After months of speculation regarding who would succeed Vincent Lecavalier as the Tampa Bay Lightning‘s next captain, there’s finally an answer. Tuesday night, the team announced Martin St. Louis had earned that honor.
One of the NHL‘s shortest players, St. Louis does his talking on the ice. By that, I mean he literally can take a team on his back and deliver them to the promised land. Remember the 2004 Stanley Cup finals? He may not have been the hero of Game 7, but there’s no doubt his double overtime goal in the series’ sixth game gave the Lightning momentum coming back home.

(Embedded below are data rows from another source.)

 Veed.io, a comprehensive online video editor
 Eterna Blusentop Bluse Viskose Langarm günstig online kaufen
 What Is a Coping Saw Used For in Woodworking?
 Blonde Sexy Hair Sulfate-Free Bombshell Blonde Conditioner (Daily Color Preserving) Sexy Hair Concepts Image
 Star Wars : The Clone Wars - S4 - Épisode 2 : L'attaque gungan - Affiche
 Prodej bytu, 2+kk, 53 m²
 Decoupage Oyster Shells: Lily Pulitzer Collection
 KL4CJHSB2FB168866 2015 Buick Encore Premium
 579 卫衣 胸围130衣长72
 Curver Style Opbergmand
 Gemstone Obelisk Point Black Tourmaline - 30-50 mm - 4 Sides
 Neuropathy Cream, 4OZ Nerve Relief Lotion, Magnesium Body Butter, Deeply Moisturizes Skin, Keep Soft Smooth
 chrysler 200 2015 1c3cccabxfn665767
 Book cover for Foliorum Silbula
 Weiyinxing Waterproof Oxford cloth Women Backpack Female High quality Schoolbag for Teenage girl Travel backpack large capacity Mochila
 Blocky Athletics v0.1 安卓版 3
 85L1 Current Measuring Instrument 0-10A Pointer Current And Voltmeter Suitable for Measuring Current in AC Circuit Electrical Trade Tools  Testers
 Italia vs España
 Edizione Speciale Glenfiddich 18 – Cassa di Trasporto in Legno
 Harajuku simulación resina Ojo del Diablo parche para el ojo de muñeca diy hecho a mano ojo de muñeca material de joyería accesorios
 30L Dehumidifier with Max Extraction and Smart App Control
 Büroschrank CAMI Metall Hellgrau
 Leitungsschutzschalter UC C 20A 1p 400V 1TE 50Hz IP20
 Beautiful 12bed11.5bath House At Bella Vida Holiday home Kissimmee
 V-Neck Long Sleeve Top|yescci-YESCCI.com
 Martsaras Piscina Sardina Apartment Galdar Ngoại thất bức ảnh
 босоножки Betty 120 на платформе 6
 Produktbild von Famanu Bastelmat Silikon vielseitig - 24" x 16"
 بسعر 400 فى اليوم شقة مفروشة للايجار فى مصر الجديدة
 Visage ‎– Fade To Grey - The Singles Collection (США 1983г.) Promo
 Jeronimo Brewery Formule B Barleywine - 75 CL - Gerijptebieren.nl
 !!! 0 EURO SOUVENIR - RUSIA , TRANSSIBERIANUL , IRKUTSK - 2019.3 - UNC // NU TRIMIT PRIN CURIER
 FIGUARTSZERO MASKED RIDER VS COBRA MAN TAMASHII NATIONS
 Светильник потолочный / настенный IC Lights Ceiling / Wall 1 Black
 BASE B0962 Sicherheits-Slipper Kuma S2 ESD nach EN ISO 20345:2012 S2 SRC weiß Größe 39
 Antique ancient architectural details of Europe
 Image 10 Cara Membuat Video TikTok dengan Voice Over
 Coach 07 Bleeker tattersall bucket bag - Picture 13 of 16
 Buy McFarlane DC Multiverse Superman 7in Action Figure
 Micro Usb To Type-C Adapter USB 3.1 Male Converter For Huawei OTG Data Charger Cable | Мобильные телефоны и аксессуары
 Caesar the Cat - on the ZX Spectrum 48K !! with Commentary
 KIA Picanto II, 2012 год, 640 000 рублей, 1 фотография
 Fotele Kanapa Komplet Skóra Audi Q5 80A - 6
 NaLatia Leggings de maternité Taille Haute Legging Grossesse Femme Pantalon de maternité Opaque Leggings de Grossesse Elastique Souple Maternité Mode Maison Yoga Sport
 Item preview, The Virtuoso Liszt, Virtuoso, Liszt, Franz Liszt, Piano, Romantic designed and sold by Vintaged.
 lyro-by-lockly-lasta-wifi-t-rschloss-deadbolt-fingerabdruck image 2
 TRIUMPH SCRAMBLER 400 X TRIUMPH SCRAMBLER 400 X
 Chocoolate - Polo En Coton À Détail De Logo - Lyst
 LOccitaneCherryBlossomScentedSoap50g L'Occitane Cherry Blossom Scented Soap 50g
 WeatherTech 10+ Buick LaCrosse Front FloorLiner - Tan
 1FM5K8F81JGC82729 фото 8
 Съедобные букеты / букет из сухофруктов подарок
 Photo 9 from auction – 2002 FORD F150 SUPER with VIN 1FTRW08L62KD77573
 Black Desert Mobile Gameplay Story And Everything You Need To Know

He’s also coming off one of his best seasons, becoming the oldest player in league history to capture the Art Ross Trophy. That’s pretty amazing, especially considering many 37-year-olds either can’t keep up with their younger counterparts or have already hung up the skates for good.
St. Louis is a role model as well. One who doesn’t hesitate to take a young, still developing prospect under his wing in an attempt to make their transition from juniors to the big leagues easier. A prime example of that is Steven Stamkos.
2008’s first overall draft pick, Stamkos leapt straight from juniors to the big stage. That first year was nothing short of tumultuous, as he only notched 23 goals, and had to deal with harsh criticism from former Lightning head coach and current ESPN analyst Barry Melrose.
Following Melrose’s firing, interim coach Rick Tocchet immediately placed Stamkos alongside St. Louis. From there, the two became good friends, always rooting for one another, which likely played a huge role in their continued personal success.
Because of that, it’s only fitting Stamkos will serve as one of the Lightning’s three alternate captains. The others are Nate Thompson and Matt Carle.
Could this be the leadership crew Tampa Bay needs in order to stay competitive within the tough Atlantic division? While unknown, St. Louis’ leadership skills give the Lightning renewed optimism moving forward. And that’s a welcome sign for those who lived through last season’s disaster.